- **LISTED RECORDS**

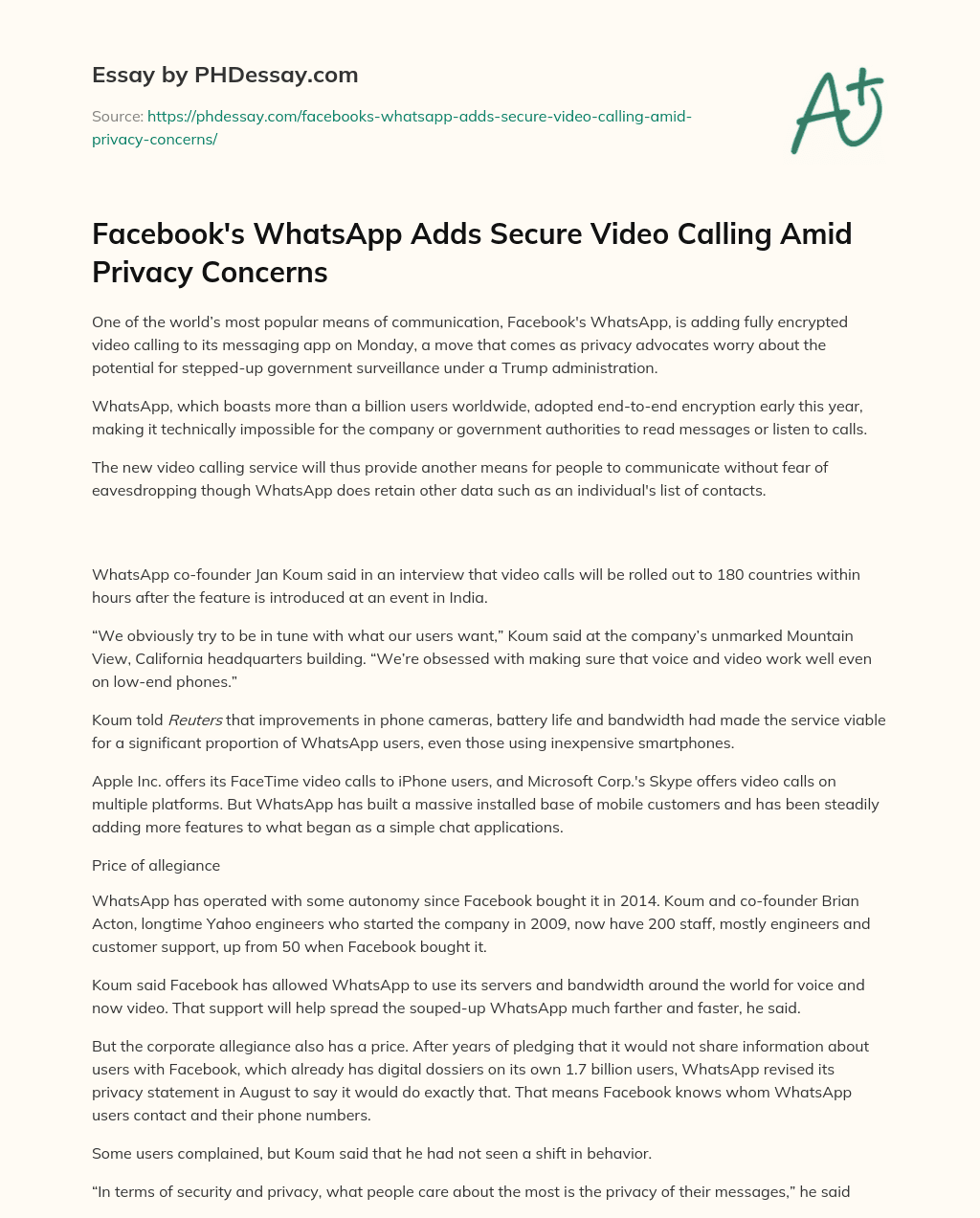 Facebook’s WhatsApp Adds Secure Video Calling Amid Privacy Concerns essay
* * *
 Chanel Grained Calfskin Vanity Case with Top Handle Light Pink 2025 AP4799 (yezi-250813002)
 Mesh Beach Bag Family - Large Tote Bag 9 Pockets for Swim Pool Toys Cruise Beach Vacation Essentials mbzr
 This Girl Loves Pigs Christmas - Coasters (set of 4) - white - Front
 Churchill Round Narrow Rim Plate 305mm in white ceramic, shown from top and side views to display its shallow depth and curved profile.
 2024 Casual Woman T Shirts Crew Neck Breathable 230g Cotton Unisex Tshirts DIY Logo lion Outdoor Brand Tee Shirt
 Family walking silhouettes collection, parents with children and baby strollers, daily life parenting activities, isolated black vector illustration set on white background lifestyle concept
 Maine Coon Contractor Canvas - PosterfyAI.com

- **EXERCISE AIM**
Taking the entries above, print exactly the lines starting at the line with "Churchill Round Narrow" and ending at the line with "Maine Coon Contractor", both included.

- **RESPONSE**
 Churchill Round Narrow Rim Plate 305mm in white ceramic, shown from top and side views to display its shallow depth and curved profile.
 2024 Casual Woman T Shirts Crew Neck Breathable 230g Cotton Unisex Tshirts DIY Logo lion Outdoor Brand Tee Shirt
 Family walking silhouettes collection, parents with children and baby strollers, daily life parenting activities, isolated black vector illustration set on white background lifestyle concept
 Maine Coon Contractor Canvas - PosterfyAI.com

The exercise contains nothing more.